Nissan got its first briefing on the potential blockbuster deal when Renault chairman Jean-Dominique Senard was in Tokyo for a board meeting of the three-way alliance among Renault, Nissan and smaller Japanese automaker Mitsubishi Motors Corp.
“There was an open and transparent discussion on FCA’s recent proposal to Groupe Renault. The meeting also discussed and positively concluded several current operational alliance matters,” the Renault-Nissan-Mitsubishi alliance said in a statement.
No action is expected to be taken by Nissan in the near term, and no additional information was offered with the statement.
(Putting the jigsaw together: Who will run what at a merged FCA-Renault?

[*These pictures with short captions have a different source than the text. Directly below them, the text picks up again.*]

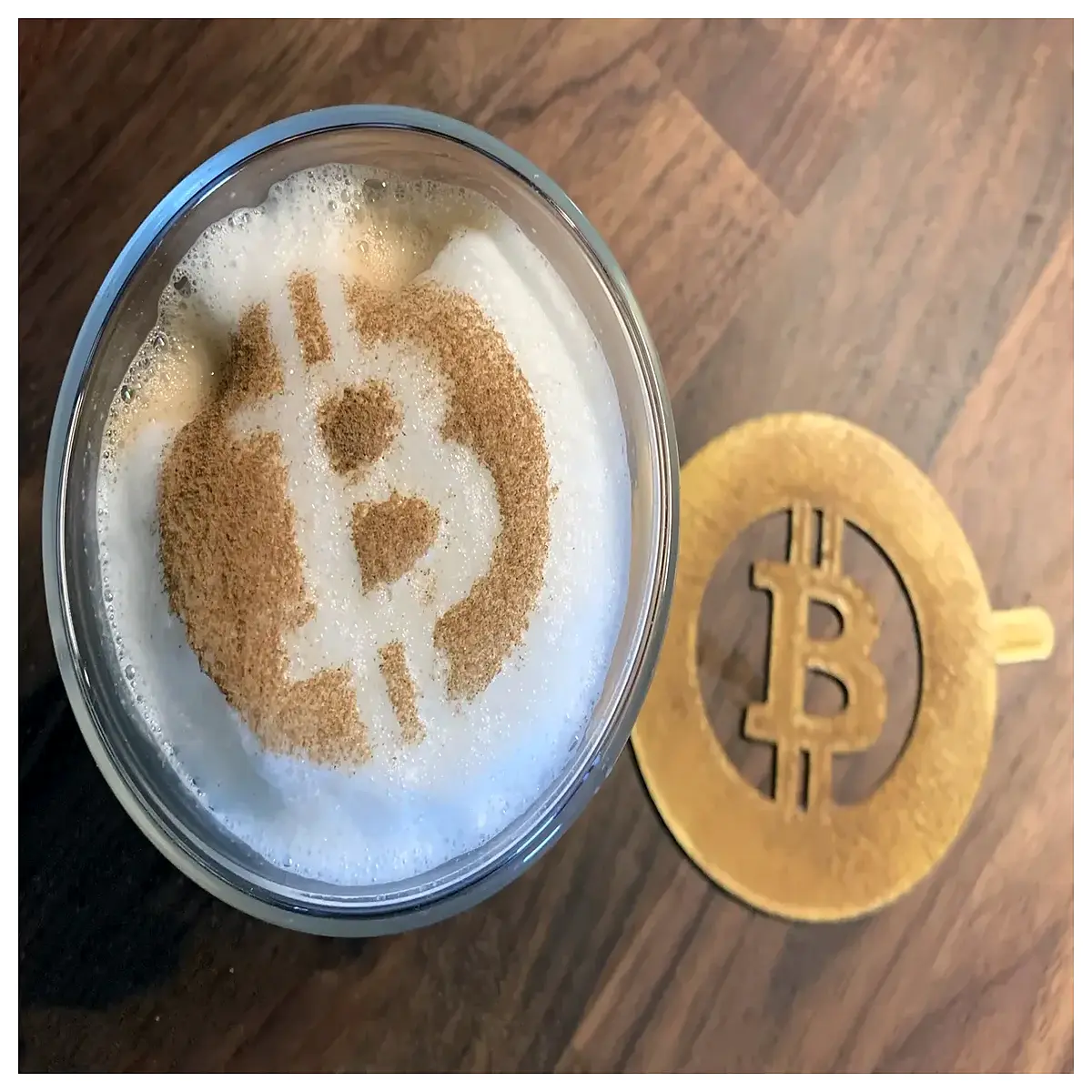 Bitcoin Cappuccino Template Download Design Assets Crypto Marketing Strategy Creative Quick Creation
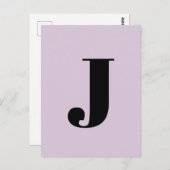 アルファベット文字 |ミニマルカスタムリストのパモダンープル ポストカード (正面/裏面)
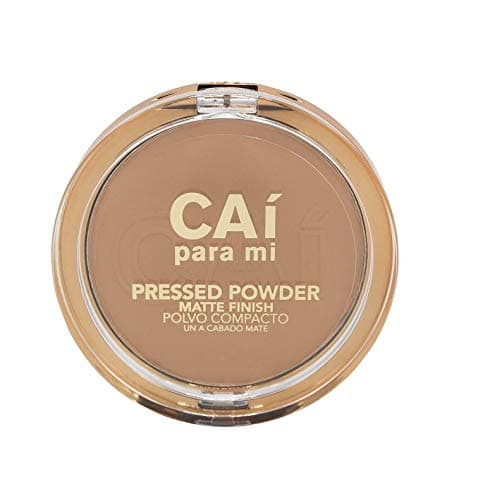 Cai Para Mi One Step Pressed Powder, Medium Coverage, Controls Oil And Shine, Lightweight, Photo Friendly, Cruelty Free, Shade Natural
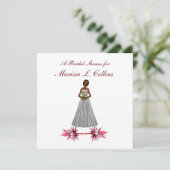 "Vrijgezellenfeest" African-Amer Bride [2] met Dar Kaart (Staand voorkant)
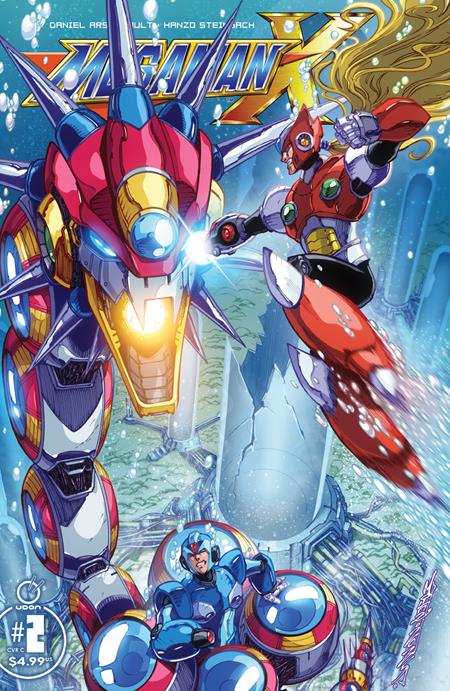 MEGA MAN X #2 (OF 5) CVR C ALEX MILNE VAR ISBN: 85534800159800231 - FOC DATE: 2/9/26  - Release Date: 3/18/26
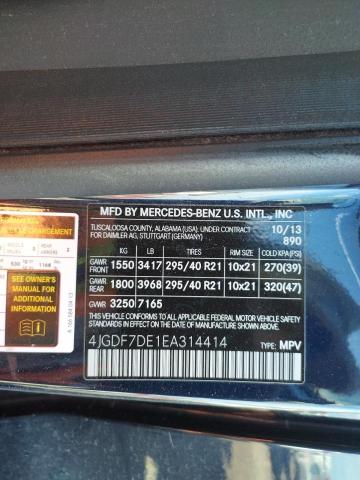 4JGDF7DE1EA314414 Mercedes-Benz Gl 550 4matic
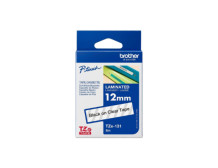 Brother | TZe-131 Laminated Tape | Black on Clear | TZe | 8 m | 1.2 cm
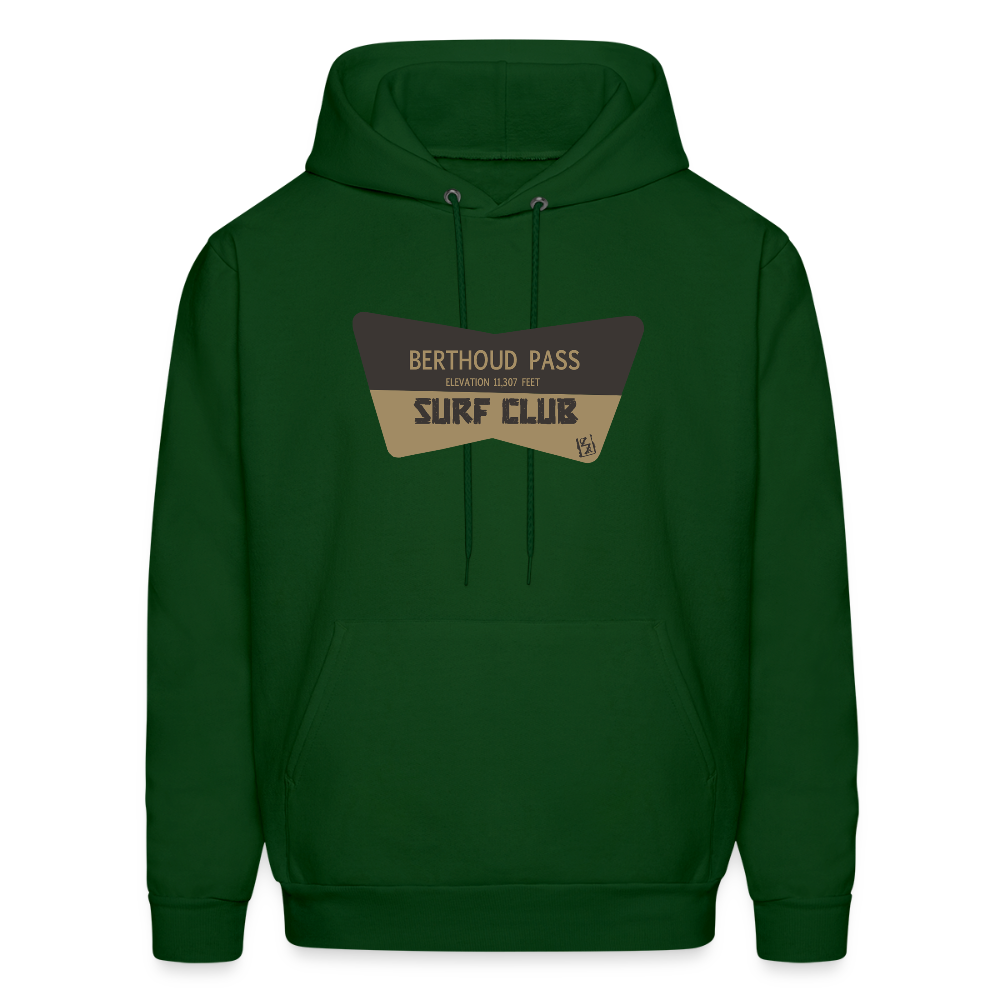 Berthoud Pass Surf Club Hoodie - forest green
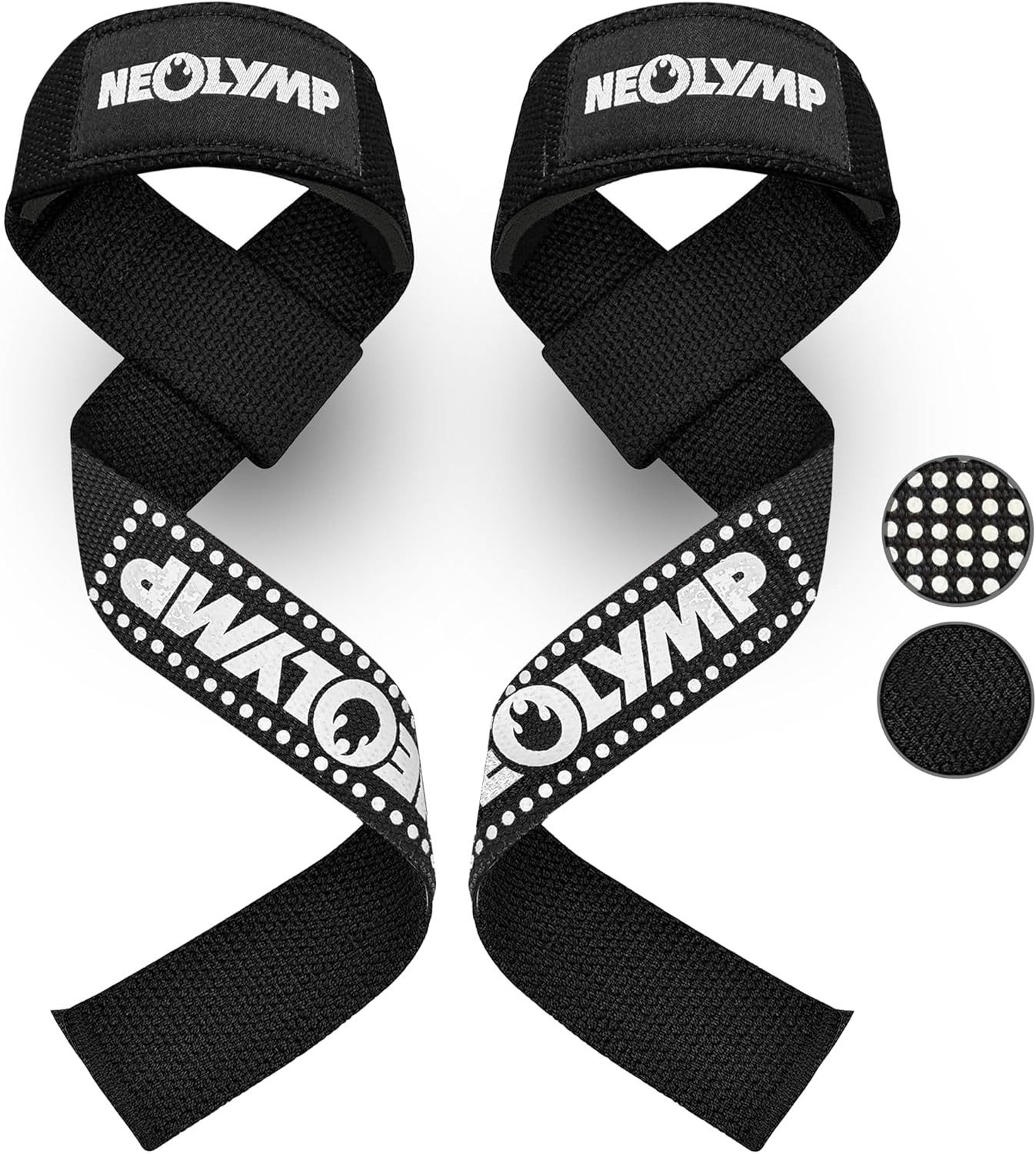 NEOLYMP Zughilfe Krafttraining - Optimale Unterarm-Entlastung - Lifting Straps (Set, Griffhilfen Kraftsport - Fitness Zubehör & Gym Zubehör - Zughilfen), Zughilfen Krafttraining - Ideal für Kreuzheben, Klimmzüge - Wrist Wrap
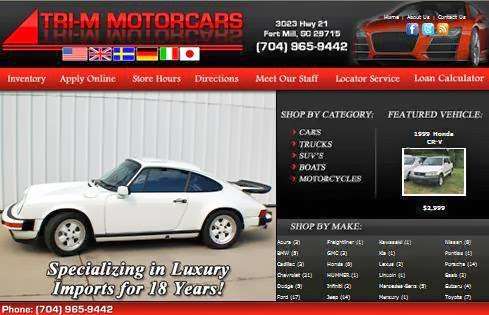 Tri-M Motorcars | 3023 Hwy 21 Byp, Fort Mill, SC 29715, USA | Phone: (704) 451-5242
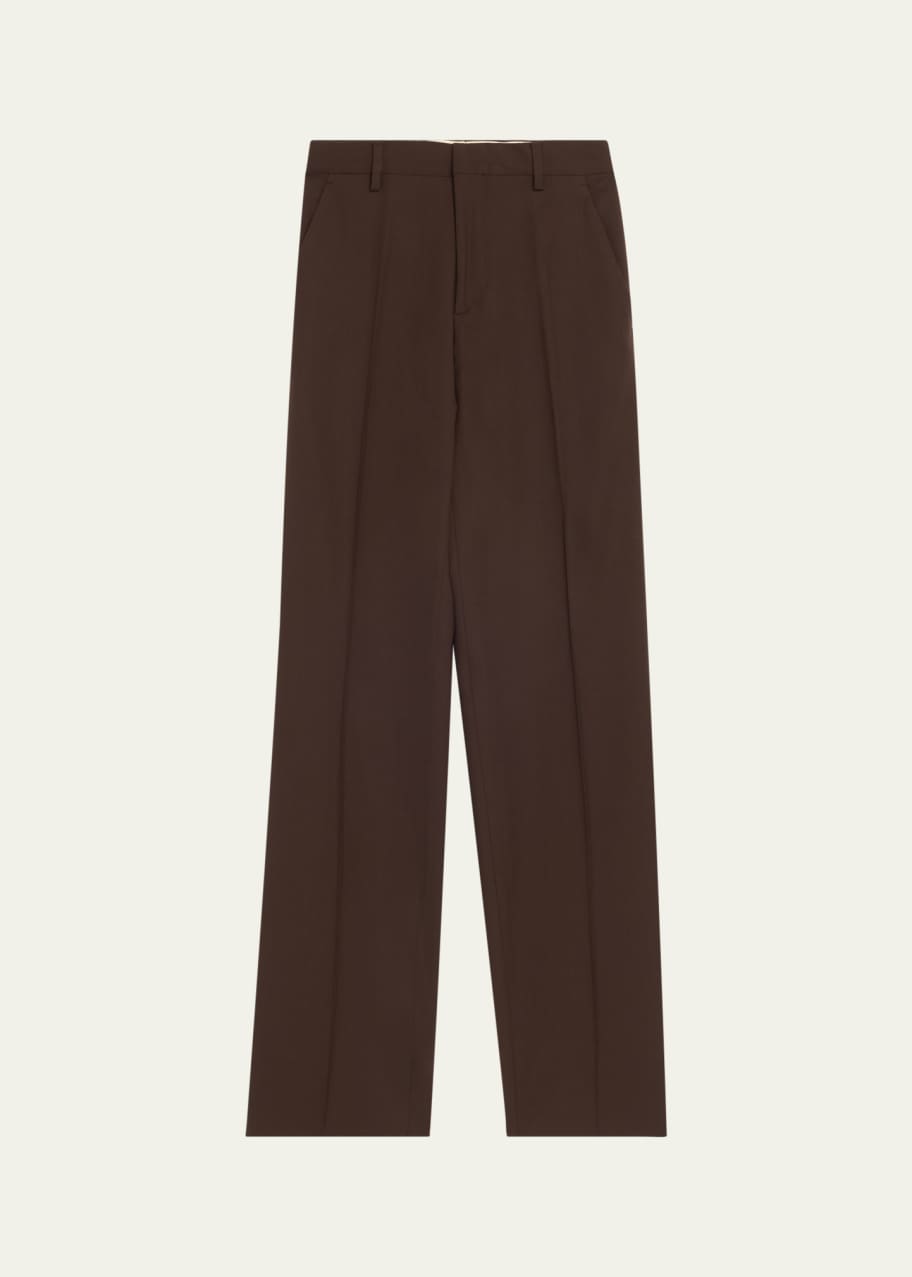 Image 1 of 1: Straight Leg Wool Pants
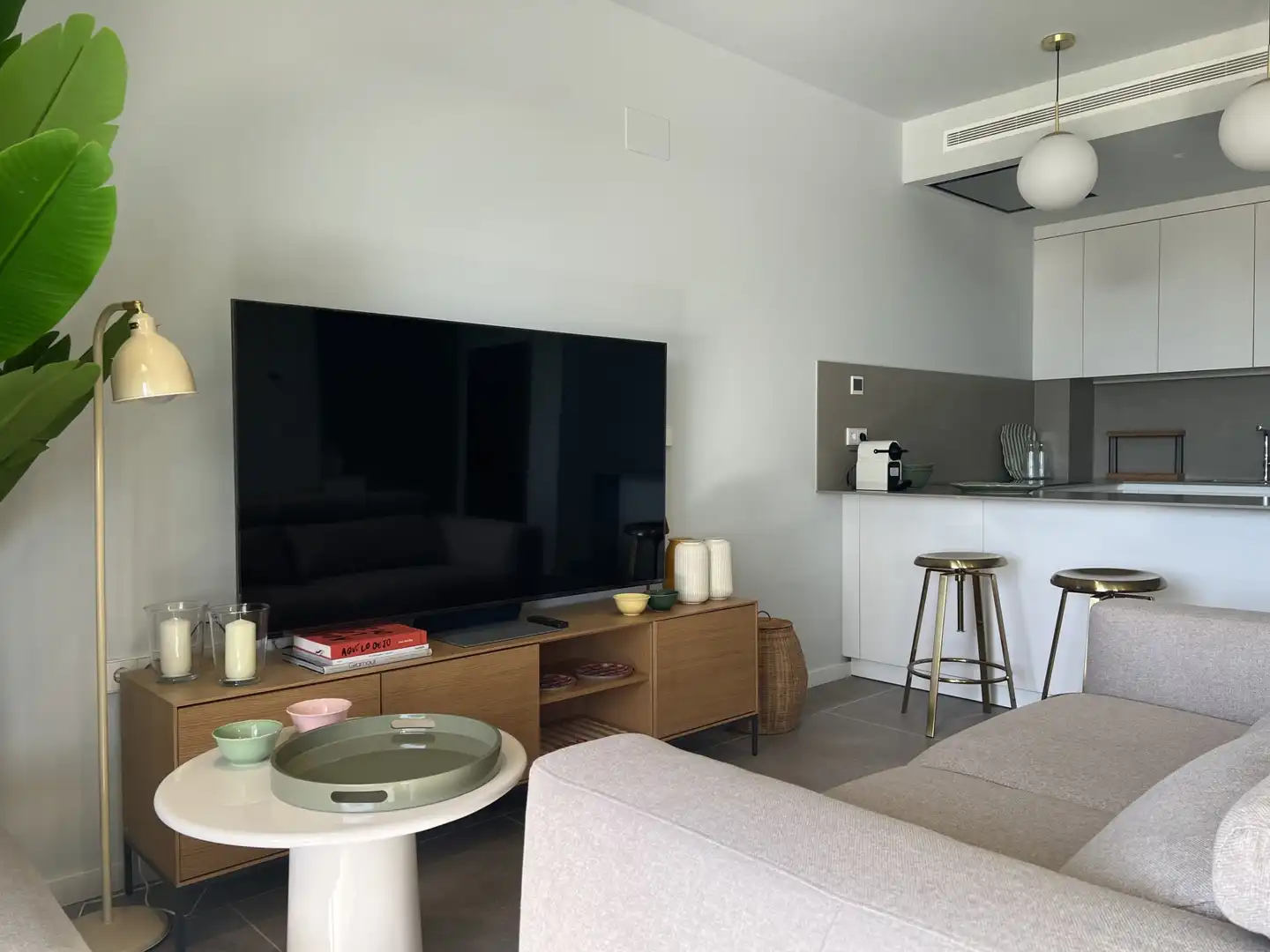 Wohnzimmer von Wohnung zur Miete in Salou mit Klimaanlage, Heizung und Terrasse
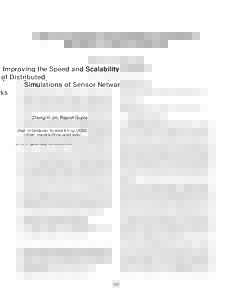 Improving the Speed and Scalability of Distributed Simulations of Sensor Networks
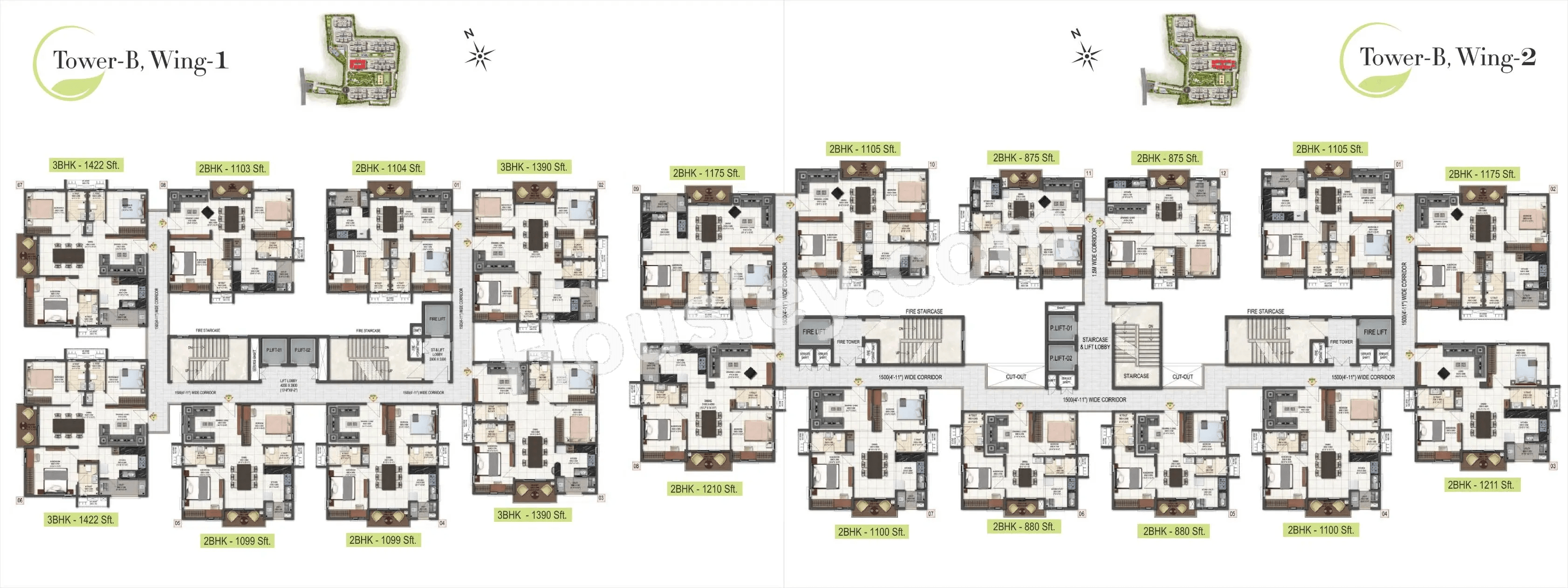 DSR Highland Greenz Floor plan 2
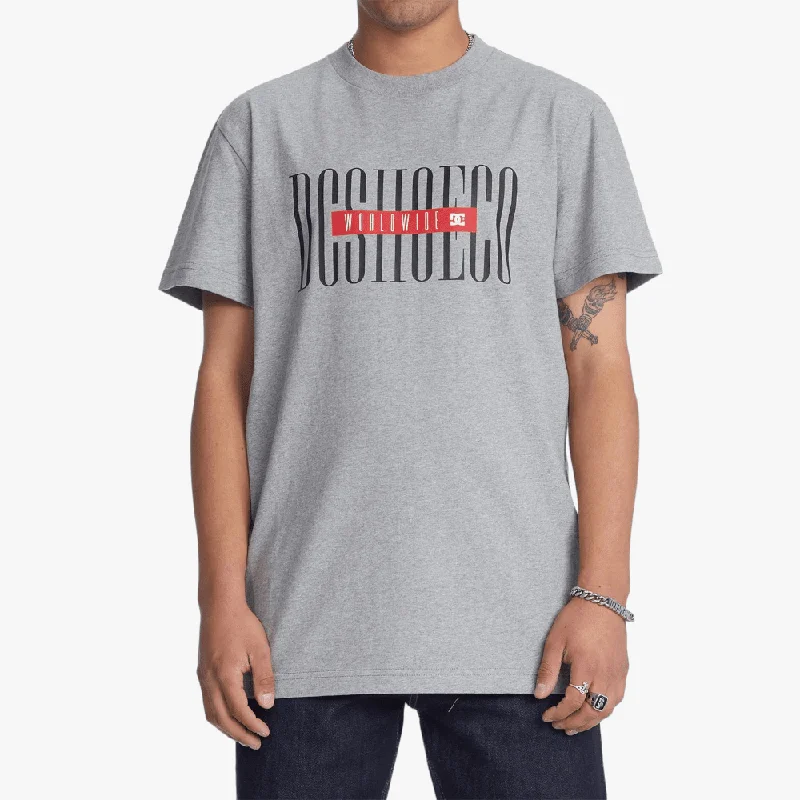 Super Sale Dc Mens Massive Tss Short Sleeve Tee Heather Grey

Click Here for the story.)
After months of hinting around, Fiat Chrysler took the plunge with Renault on Monday with very few details revealed. However, one potential stumbling block to the merger is the agreement Renault has in place with Nissan and Mitsubishi.
Fortunately, Nissan isn’t really required to do anything right now. The due diligence process between FCA and Renault could last more than a year. The next move has Renault’s board meeting early next week to decide whether to agree to the proposal. Assuming a “yes” vote, working out issues with unions, governments, antitrust authorities and other regulatory bodies are expected to take a year.
This works fine for Nissan in a sense because after years of upward growth, the company’s sales and profits stalled, which means its board of directors already has enough work to do to formulate a plan to turn the current predicament around.
(Click Here to see more about Nissan shooting down a merger proposal with Renault.)
Nissan officials predicted that 2018 would be a difficult year for the company, and the final numbers show they were right to be worried — operating profit for the automaker dropped 57.3%.
The Japanese automaker was plagued with a variety of problems all at once, including a costly plan to improve “quality of sales” in the U.S. and the costs related to the implementation of a warranty extension effort for selected vehicles.
Some of the issues the company faced it could have sold its way past, global unit sales fell by 4.4% to 5.516 million units. Sales in the U.S. fell 9.3% to 1.44 million units. The company is predicting a slight increase for 2019 to 5.54 million units worldwide.
(To see more about Nissan’s difficult 2018 financially speaking, Click Here.)
Nissan generated an operating profit of 318.2 billion yen, or $2.9 billion, for the full year on net revenues of 11.57 trillion yen, or $104.2 billion, equivalent to an operating margin of 2.7%. Full-year net income decreased by 57.3% to 319.1 billion, or $2.9 billion, yen, from 746.9 billion yen.